Travelling from Mazunte Mexico to Lake Atitlan in Guatemala
For this year holiday I decided to travel a bit from Mexico to Guatemala to do a long Dark Retreat on lake Atitlan and afterwards discover the country. The trip was pretty easy as it is a backpacker well treaded trail, but here are some up to date information in case you want to travel easily from Mazunte Mexico to lake Atitlan Guatemala:
Mazunte to San Cristobal de las Casas:
First of all go to Pochutla bus terminal a few days in advance (10 pesos in collective from mazunte and 50min trip) and buy a overnight bus ticket to San Cristobal with OCC. The bus leaves every day at 8pm or 10pm, and arrive 7.30am or 9:30am.
Once in San Cristobal you have to spend the night as the shuttle bus to Pamajachel, the main town on lake Atitlan in Guatemala, leaves every day around 6.30am. You can book it in any travel agency on Real Guadalupe street in the center. I used Tierra Maya, and it costed 300 pesos. I used the time to visit the gorgeous colonial town of San Cristobal de las Casas. Full of churches and historical building, lots of modern looking cafe and restaurant, it was real pleasure to enjoy its cool weather (about 20 degrees during the day) after the sauna heat of Mazunte, and with its fast internet it’s definitely a better digital nomad spot.
I stayed at Snail Hostel in the center, a very cute and modern backpacker hotel where you can get a (tiny) single private room for 10$.
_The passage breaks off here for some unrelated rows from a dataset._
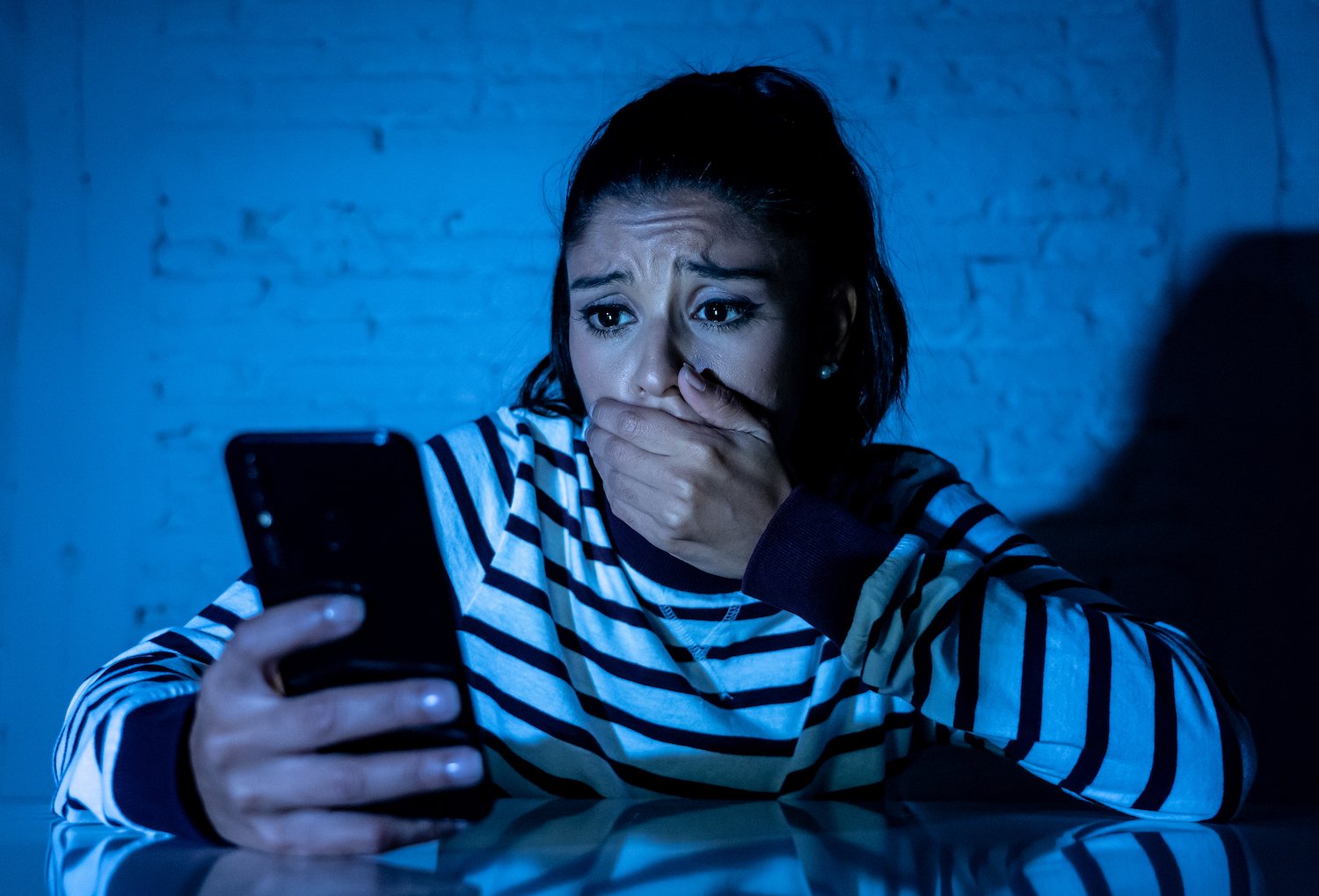 Stalker victim looking distraught after looking at her phone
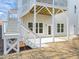 A white staircase leads down to the backyard patio under a raised porch at 112 Pointe Park Cir # 96, Holly Springs, NC 27540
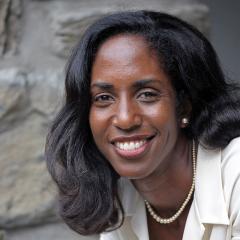 A person with long, black hair and a white formal shirt smiles at the viewer.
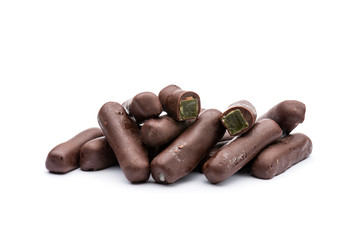candied ginger covered with dark chocolate, on white background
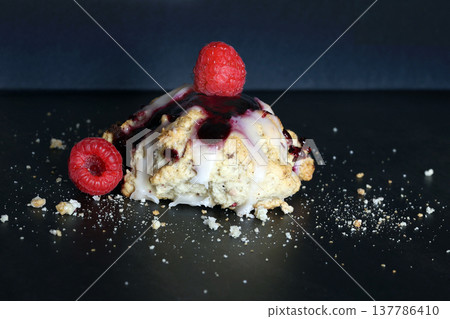 Scones with raspberry jam and lemon glaze on top Scones with raspberry jam and lemon glaze on top 137786410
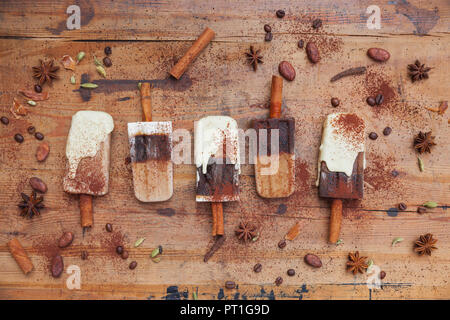 Homemade coffee and white chocolate ice lollies with winter spices on wooden background Stock Photo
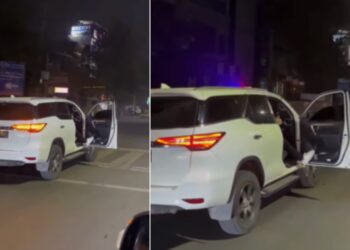 Toyota Fortuner Driven with Open Door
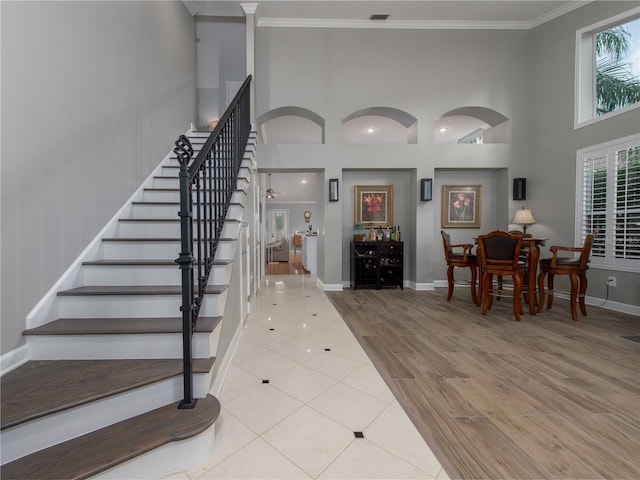 4709 Corsage Dr, Lutz, FL 33558 - staircase with ornamental molding, a high ceiling, and wood finished floors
San Cristobal de las Casas to Panajachel on Lake Atitlan in Guatemala
The next morning the shuttle bus picked me up (late) at my hotel, and we drove to the border which we reached at around 12. You then pick up your luggage and walk about 300 meters to cross the border by foot (or get someone to carry your bag for 10 pesos). There I had the surprise to have to pay 330 pesos tax to leave Mexico, which is mandatory if you stayed more than 7 days there, so remember to keep some cash. To enter Guatemala the price was only 10 quetzal/20 pesos, and on the other side another shuttle bus from the same company was waiting for us. It’s apparently quite common to wait for a while for the connection at the border as the trip from San Cristobal to the border is shorter than from the border to Panajachel, and be sure to keep your ticket as the driver might need it to confirm who you are if the mexican driver left already.
The last part of the trip was very smooth. We stopped about an hour later in a shop on the road to let people use an ATM and eat something, and then arrives at Panajachel at sunset.
The public boats to go to the little lake towns stops at 5pm, so if you want to move directly you will have to take a private one, which works until 7pm and leaves when full. The trip to San Marco, a little hippie town, costs 20 quetzals, and for San Pedro (the bigger and more “party town) 30.